Guest contribution by Nick Xylas, WR Council member and prospective candidate for Bristol City Council, Eastville Ward
As someone who has lived in both Wessex and the American South, I can’t help but be struck by certain similarities between the two. Both are primarily rural and agricultural regions. Both have low-status accents that provide a lazy comedic shorthand for ignorance and backwardness. And both have areas that have been hurt economically by the loss of their textile industries, whether it’s the Cotswolds or South Carolina, where I lived for 6 years.
There is, however, one major difference in their regionalist traditions. The main regionalist / Celtic nationalist parties in the Disunited Kingdom are all on the Centre Left.
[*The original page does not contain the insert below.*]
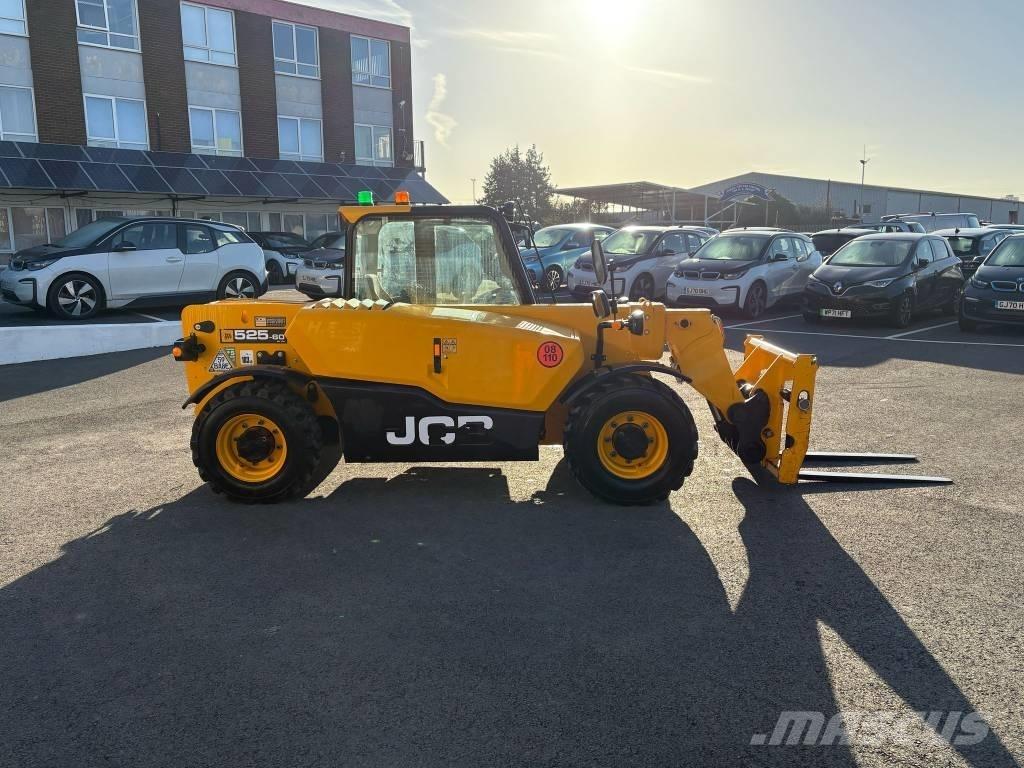 JCB 525-60 Teleskopické manipulátory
The Southern patriot movement, on the other hand, is a creature of the fringe far Right. That master of the political dog whistle, Ronald Reagan, used “states’ rights” as a euphemism for segregation: an extension of Nixon’s Southern strategy to woo mostly (though not exclusively) Southern racists, who had abandoned the Democratic Party over the Civil Rights Act of 1964 and the Voting Rights Act of 1965, into the Republican fold. The success of this strategy can be seen today in the current popularity of Donald Trump, who has become the Republican front runner by proposing to deport Mexican immigrants en masse and to strip American Muslims of their constitutional rights (though it should be pointed out that Trump leads a very crowded field, and only enjoys the support of some 25-30% of Republican primary voters).
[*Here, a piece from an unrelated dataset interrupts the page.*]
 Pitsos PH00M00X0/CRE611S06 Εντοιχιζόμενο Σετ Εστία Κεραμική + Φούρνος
As a result of this, support for the right of the federal government to override the will of individual states has become a totem of liberal orthodoxy, and there is no left-of-centre decentralist tradition to speak of. Anyone on the Left supporting states’ rights in a literal, rather than a euphemistic sense, is an aberration: an isolated phenomenon like the handful of monarchists that exist in the USA, in defiance of that country’s entire history.
Like Wessex Regionalists and Celtic nationalists, the Southern patriots identify themselves through the use of a flag. In this case, they use the battle flag of the Army of Northern Virginia, commonly (though incorrectly) referred to as the Confederate Flag. Based on the Scottish saltire, to reflect the Scots-Irish heritage of many Southerners, it was incorporated into the state flag of Georgia in 1956, two years after the Brown v Board of Education court decision that led to the desegregation of American schools and, since then, has become a symbol of defiance against Yankee destruction of “traditional Southern values”. The flag was still flying outside the South Carolina Statehouse in the state capital, Columbia, when I lived there, but public protests have since forced its removal.
There have been attempts to forge a Southern identity that isn’t entirely based on racism. Some revisionist historians have suggested that the “recent unpleasantness” (the tongue-in-cheek way that Southerners refer to the American Civil War, aka the War of Northern Aggression) wasn’t really about slavery at all, but about supporting a confederal over a federal form of government. This seems to be based on wishful thinking, however, as it completely ignores the fact that every single Confederate state included a clause in its constitution protecting the institution of slavery and prohibiting its abolition.
Demographics in the South are changing. Whilst de facto segregation continued long after its de jure abolition, the old racial barriers are breaking down, and the younger generation are far more accepting of a diversity of races, religions, nationalities, genders and sexual identities. The current Republican governor of South Carolina, Nikki Haley, is a woman of Indian extraction, elected by the general public against stiff opposition from the good ole boy network within the state party. The challenge will be to reflect this new reality without erasing the South’s identity and heritage altogether.